• **Source data**
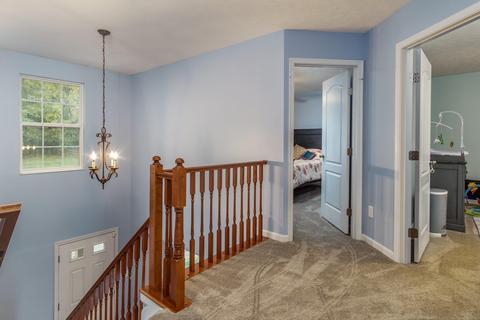 4686 Riley Ln, Cincinnati, OH 45227 photo 31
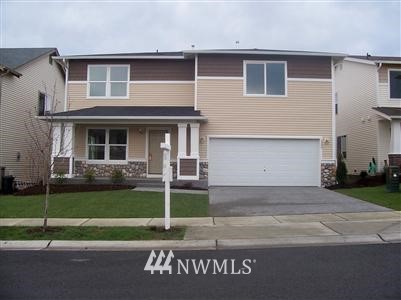 4005 153rd Place Southeast Bothell, WA 98012 - Photo 1 of 1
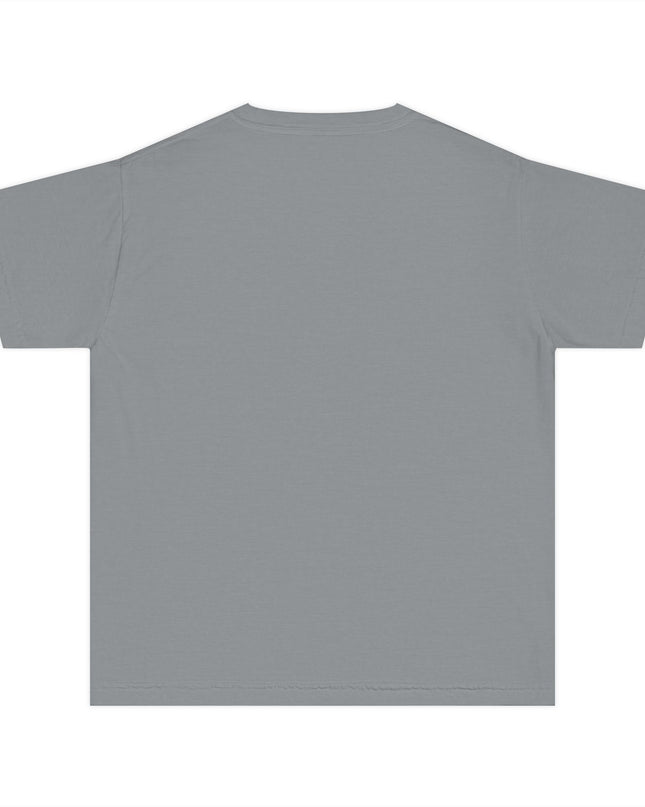 Youth Just Watch Tee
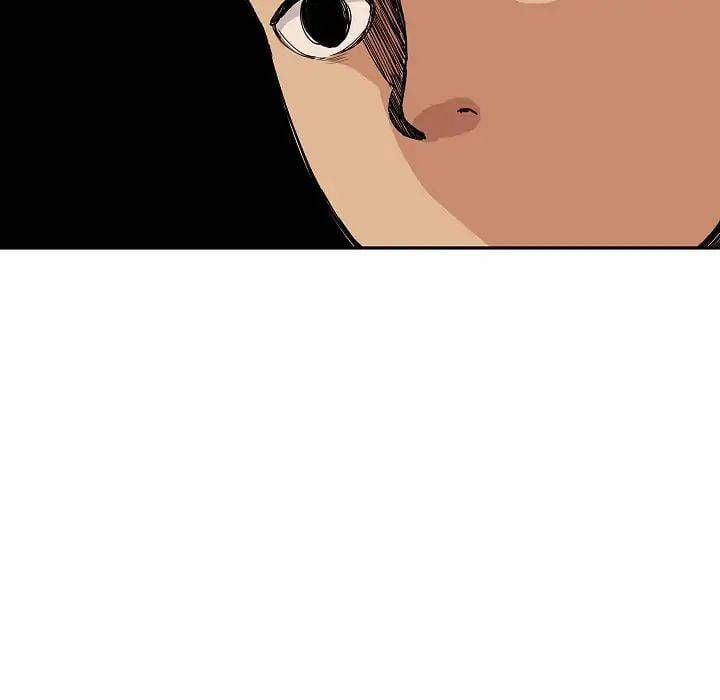 Close As Neighbors 2 trang 127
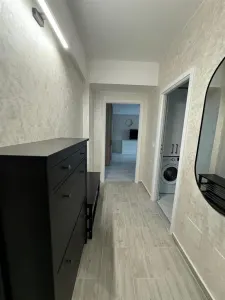 Apartament 2 camere CUG - 499 EURO - foto 15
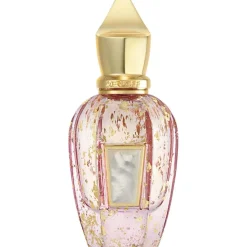 17 Parfum Elle Anniversary von XERJOFF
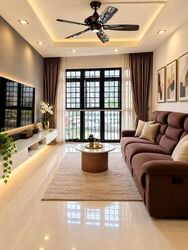 Blk 181 Yung Sheng Road (Jurong West), HDB 5 Rooms #636071311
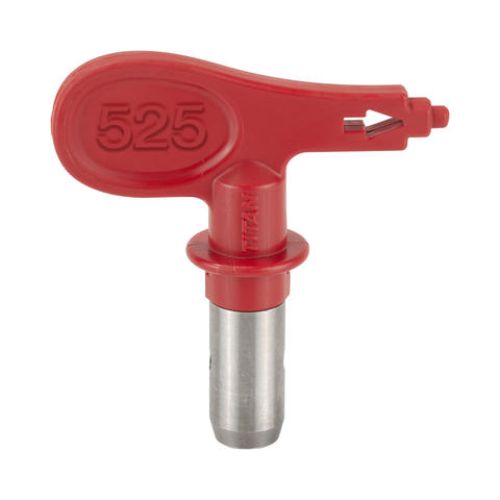 tr-1 525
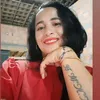 adriana.oliveira5851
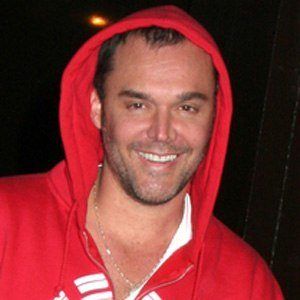 David LaChapelle - Bio, Family, Trivia | Famous Birthdays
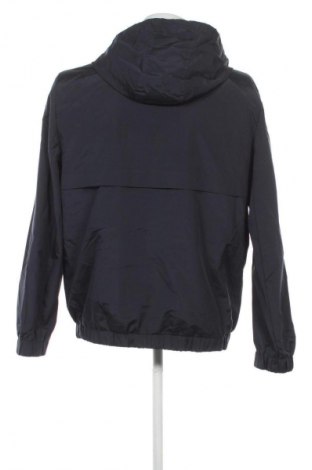 Męska kurtka Dynamic, Rozmiar M, Kolor Niebieski, Cena 245,99 zł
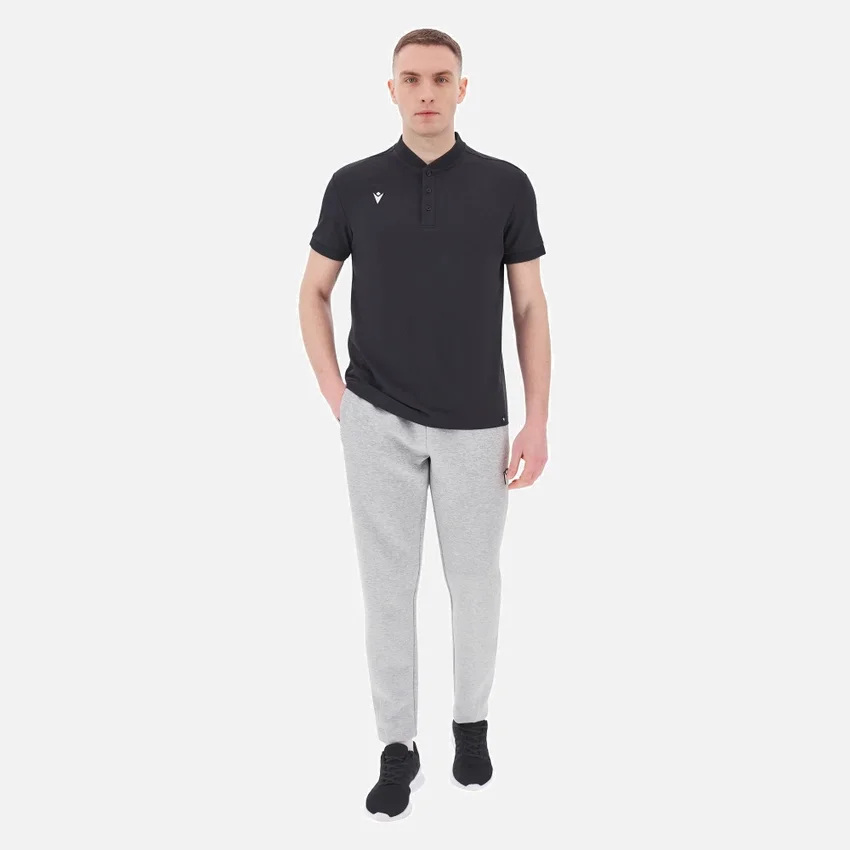Nisiros-Poloshirts Nisiros-Poloshirts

• **Work instruction**
Your task is to copy word for word the lines from the line containing "adriana.oliveira5851" to the end of the listing, both included, and to drop any pictures.

• **Result of the task**
 adriana.oliveira5851
 David LaChapelle - Bio, Family, Trivia | Famous Birthdays
 Męska kurtka Dynamic, Rozmiar M, Kolor Niebieski, Cena 245,99 zł
Nisiros-Poloshirts Nisiros-Poloshirts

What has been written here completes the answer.